▶ Stored entries
▬▬▬▬▬▬

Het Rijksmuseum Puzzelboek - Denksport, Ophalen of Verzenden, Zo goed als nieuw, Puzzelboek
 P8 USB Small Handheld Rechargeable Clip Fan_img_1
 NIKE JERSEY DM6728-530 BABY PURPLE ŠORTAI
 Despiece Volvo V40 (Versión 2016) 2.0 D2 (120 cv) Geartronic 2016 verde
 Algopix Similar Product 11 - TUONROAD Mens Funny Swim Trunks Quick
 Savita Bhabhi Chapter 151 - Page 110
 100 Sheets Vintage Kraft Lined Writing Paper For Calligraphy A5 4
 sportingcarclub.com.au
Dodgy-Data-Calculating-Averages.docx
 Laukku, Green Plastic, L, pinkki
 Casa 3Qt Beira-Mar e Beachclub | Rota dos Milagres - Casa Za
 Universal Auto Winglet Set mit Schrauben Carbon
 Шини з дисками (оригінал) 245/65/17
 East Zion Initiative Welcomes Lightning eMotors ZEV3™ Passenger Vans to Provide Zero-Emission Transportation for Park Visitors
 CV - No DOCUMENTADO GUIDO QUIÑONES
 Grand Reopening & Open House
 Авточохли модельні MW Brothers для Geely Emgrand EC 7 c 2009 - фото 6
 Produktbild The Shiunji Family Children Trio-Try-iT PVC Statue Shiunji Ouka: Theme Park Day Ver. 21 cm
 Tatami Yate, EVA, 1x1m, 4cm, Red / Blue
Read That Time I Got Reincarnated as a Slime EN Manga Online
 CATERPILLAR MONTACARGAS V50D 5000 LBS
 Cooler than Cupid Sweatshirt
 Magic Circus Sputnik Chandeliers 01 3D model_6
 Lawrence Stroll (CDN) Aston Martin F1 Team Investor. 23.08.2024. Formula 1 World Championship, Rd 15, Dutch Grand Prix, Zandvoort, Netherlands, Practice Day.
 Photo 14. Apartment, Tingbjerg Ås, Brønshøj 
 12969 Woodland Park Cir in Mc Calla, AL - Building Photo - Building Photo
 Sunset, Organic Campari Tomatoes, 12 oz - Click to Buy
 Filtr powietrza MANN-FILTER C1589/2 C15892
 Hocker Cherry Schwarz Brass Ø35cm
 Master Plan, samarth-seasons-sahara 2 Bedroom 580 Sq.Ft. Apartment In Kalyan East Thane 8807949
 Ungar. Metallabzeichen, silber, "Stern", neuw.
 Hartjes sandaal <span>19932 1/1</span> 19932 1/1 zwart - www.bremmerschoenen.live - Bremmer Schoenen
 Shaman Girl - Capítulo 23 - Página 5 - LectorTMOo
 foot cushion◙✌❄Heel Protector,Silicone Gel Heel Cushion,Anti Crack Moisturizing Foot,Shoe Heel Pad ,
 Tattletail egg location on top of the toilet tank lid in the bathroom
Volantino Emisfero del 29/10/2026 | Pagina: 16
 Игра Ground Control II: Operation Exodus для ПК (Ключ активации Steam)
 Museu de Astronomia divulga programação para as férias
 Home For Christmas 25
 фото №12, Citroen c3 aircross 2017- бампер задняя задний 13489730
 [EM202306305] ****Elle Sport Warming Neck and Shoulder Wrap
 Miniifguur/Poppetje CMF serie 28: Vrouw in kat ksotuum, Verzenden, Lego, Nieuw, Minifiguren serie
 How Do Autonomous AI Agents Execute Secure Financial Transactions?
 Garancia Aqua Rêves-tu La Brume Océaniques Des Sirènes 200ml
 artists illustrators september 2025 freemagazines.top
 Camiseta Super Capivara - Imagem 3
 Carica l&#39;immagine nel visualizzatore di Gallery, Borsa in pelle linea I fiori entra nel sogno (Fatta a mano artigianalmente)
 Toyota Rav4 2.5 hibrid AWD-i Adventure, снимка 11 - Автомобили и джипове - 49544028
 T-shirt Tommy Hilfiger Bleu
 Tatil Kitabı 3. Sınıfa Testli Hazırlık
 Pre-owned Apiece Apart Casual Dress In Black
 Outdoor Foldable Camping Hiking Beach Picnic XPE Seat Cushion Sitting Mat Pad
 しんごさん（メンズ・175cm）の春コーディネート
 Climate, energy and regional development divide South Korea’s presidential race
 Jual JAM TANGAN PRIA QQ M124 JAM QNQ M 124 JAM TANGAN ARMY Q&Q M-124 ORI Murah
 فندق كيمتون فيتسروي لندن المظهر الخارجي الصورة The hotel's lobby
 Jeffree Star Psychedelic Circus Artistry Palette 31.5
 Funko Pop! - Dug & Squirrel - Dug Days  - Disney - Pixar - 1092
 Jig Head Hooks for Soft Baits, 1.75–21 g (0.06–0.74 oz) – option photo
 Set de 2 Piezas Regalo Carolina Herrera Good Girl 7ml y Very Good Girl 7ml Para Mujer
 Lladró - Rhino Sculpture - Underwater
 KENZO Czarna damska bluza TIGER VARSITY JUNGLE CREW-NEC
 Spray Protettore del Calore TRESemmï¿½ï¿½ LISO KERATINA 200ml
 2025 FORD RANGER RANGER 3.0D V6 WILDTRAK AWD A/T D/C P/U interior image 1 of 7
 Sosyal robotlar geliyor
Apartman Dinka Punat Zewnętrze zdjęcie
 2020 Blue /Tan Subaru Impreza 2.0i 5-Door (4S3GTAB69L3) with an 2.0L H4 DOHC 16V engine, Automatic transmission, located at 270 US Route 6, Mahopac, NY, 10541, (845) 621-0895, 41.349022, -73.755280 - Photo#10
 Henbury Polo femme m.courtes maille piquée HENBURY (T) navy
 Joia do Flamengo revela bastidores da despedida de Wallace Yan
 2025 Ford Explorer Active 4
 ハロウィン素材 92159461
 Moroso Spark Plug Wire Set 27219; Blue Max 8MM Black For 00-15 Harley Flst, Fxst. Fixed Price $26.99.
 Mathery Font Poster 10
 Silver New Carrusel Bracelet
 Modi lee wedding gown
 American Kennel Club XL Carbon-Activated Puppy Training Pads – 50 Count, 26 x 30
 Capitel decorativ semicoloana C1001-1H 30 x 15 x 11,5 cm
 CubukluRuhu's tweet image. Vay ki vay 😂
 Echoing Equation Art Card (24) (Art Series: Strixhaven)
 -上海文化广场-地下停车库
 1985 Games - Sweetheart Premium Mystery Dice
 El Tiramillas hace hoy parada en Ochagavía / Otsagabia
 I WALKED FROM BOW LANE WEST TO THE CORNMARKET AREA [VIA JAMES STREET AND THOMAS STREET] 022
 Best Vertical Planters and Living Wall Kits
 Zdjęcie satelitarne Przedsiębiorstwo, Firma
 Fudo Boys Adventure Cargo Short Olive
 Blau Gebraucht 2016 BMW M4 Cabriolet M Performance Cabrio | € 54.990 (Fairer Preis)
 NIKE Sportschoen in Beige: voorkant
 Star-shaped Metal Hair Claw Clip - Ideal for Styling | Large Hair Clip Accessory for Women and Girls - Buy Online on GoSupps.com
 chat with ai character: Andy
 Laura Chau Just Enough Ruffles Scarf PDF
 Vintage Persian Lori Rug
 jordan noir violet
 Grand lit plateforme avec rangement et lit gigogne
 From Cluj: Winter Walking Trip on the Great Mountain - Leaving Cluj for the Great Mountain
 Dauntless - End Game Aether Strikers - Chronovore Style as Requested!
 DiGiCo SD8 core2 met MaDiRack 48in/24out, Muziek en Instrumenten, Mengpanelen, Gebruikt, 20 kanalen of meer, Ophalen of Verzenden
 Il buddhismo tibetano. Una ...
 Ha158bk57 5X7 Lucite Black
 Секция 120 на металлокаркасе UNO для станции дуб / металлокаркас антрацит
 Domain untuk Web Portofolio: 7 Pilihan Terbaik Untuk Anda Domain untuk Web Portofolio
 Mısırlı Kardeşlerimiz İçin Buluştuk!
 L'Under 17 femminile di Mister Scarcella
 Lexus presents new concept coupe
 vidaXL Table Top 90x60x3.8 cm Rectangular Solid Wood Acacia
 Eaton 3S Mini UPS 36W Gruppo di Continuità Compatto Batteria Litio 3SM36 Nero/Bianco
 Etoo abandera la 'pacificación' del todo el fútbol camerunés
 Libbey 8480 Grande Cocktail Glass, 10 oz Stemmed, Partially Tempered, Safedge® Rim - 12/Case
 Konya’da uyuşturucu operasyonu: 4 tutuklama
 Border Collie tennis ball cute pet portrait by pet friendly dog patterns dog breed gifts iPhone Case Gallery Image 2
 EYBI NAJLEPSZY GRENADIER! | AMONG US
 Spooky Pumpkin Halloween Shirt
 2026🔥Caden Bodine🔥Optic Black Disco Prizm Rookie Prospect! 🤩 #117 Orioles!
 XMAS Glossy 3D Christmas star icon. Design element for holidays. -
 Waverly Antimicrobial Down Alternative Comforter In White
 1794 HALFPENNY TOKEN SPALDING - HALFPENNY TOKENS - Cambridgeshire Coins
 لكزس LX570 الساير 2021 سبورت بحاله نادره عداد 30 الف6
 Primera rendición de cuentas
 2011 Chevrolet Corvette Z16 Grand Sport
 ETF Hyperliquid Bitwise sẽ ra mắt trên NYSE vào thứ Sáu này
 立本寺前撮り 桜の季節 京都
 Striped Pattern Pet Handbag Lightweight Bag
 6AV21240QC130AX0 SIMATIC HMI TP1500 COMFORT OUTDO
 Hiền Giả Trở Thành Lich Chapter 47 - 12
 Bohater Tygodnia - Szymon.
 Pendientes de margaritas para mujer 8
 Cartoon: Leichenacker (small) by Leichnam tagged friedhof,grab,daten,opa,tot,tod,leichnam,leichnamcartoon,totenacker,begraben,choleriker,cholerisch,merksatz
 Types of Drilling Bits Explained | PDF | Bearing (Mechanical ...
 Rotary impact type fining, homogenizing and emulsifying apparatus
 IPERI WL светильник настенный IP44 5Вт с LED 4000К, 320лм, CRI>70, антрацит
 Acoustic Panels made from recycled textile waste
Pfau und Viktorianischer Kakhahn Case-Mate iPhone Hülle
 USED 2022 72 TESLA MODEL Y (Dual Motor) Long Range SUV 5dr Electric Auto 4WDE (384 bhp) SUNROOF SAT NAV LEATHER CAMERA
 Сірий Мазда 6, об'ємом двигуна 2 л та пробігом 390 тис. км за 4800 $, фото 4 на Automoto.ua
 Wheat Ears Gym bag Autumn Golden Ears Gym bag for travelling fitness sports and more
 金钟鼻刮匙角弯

▬▬▬▬▬▬

▶ TO DO
If a line of the entries above includes the word "Chapter", count it; then state the total and nothing else.

▶ RESPONSE TO THE TASK
2